■ EXERCISE DIRECTIONS ■
Copy exactly, please, the lines of the data from its start through the line containing "Red V-Neck Tulle".
========================================
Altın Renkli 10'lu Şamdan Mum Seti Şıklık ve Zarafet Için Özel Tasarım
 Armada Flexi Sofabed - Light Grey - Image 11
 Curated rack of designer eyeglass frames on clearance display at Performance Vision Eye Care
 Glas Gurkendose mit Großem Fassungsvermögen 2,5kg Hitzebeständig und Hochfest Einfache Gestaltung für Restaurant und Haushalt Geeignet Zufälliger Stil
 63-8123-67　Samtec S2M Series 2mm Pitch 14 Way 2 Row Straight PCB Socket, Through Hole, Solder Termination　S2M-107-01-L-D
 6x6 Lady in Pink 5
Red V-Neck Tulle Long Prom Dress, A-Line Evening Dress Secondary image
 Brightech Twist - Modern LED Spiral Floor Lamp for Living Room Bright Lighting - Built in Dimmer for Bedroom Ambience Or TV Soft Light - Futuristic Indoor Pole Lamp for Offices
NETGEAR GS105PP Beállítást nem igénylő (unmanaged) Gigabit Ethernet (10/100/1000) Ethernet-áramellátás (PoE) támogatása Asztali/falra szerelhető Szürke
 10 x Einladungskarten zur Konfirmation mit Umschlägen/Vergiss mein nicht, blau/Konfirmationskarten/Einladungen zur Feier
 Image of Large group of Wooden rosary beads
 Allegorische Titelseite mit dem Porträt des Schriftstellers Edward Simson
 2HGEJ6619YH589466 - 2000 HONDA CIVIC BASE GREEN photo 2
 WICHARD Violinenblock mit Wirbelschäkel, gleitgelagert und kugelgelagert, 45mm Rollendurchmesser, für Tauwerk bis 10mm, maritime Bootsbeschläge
========================================
■ TASK OUTPUT ■
Altın Renkli 10'lu Şamdan Mum Seti Şıklık ve Zarafet Için Özel Tasarım
 Armada Flexi Sofabed - Light Grey - Image 11
 Curated rack of designer eyeglass frames on clearance display at Performance Vision Eye Care
 Glas Gurkendose mit Großem Fassungsvermögen 2,5kg Hitzebeständig und Hochfest Einfache Gestaltung für Restaurant und Haushalt Geeignet Zufälliger Stil
 63-8123-67　Samtec S2M Series 2mm Pitch 14 Way 2 Row Straight PCB Socket, Through Hole, Solder Termination　S2M-107-01-L-D
 6x6 Lady in Pink 5
Red V-Neck Tulle Long Prom Dress, A-Line Evening Dress Secondary image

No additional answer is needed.